Sportrecht-Anwalt Felix Steinbach: "Der Abbruch jetzt war ein volles Eigentor!" - anpfiff.info
Artikel veröffentlicht am 21.05.2021 um 11:00 Uhr
Sportrecht-Anwalt Felix Steinbach: "Der Abbruch jetzt war ein volles Eigentor!"
Um den Abbruch der Saison 2019/21 und den mittlerweile berühmtesten Paragrafen der Spielordnung des BFV wurde viel diskutiert. Am Dienstag wurde die Saison per Vorstandsbeschluss abgebrochen. Felix Steinbach ist Rechtsanwalt für Sportrecht und auch Vorsitzender des Fachprüfungsausschuss „Sportrecht“ der Rechtsanwaltskammern Nürnberg und Bamberg. Im Interview ordnet er die Sachlage kritisch ein.
Von Marco Galuska
Felix Steinbach
privat
Der Bayerische Fußball-Verband hat am Dienstag die Saison 2019/21 abgebrochen. Hat Sie die Entscheidung überrascht?

Felix Steinbach:
Ja, und nein. Die Entscheidung an sich war in meinen Augen lange überfällig. Über das Thema wurde in der Vergangenheit bereits sehr viel diskutiert. Der BFV hatte aber immer gesagt, er möchte so viele Spiele wie möglich noch durchführen. Dafür wurde im Dezember 2020 sogar die Möglichkeit durch die Änderung von § 59 SpO geschaffen, so dass theoretisch alle zwei Tage gespielt werden kann. Deswegen überrascht mich die Entscheidung vom Dienstag nun doch ziemlich. Zumindest der Zeitpunkt der Entscheidung ist mehr als erstaunlich.
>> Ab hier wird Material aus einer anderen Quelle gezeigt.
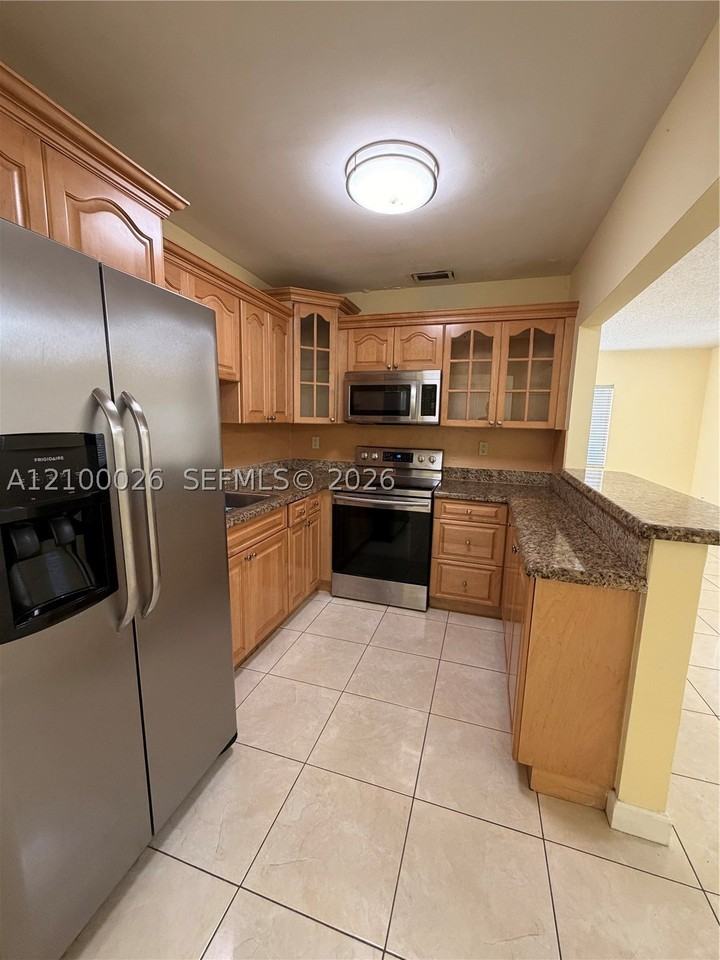 255 Sw 60th Ave - Photo 5 of 12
Noch wenige Stunden vor der Verkündung des BFV-Vorstandsbeschluss hatte das Bayerische Kabinett und Freigaben für den Sport samt Zuschauer ab 21. Mai verkündet. Kam der Abbruch daher zum falschen Zeitpunkt?

Steinbach:
Ja, der Zeitpunkt des Abbruchs ist eben für mich nicht nachvollziehbar. Und in meinen Augen für den BFV nun ein juristisches Risiko, welches man sich ohne jede Not selbst geschaffen hat. Im anzuwendenden § 93 SpO heißt es doch zusammenfasst, wenn ein Spieljahr nicht bis zum 30.06.2021 beendet werden kann, dann wird entsprechend § 93 SpO gewertet. Wörtlich zitieren darf ich hier Folgendes: „Reicht die Anzahl der Wochenendspieltage aufgrund einer Unterbrechung des Spieljahres durch behördliche Auflagen nicht mehr aus, so sind zusätzliche Spiele während der Woche auszutragen (§ 59 Nr. 5 gilt entsprechend).“ Ich bin daher eher davon ausgegangen, dass der BFV nun entsprechend seiner selbstgeschaffenen Neuregelungen noch versucht, im Juni so viele Spiele wie möglich durchzuführen. Dass dies in meinen Augen unsinnig gewesen wäre, steht dabei auf einem anderen Blatt. Aber der Abbruch jetzt, entgegen dem bisherigen Fahrplan, gerade in der Woche in der Lockerungen bekannt gegeben wurden, hat mich doch schwer überrascht.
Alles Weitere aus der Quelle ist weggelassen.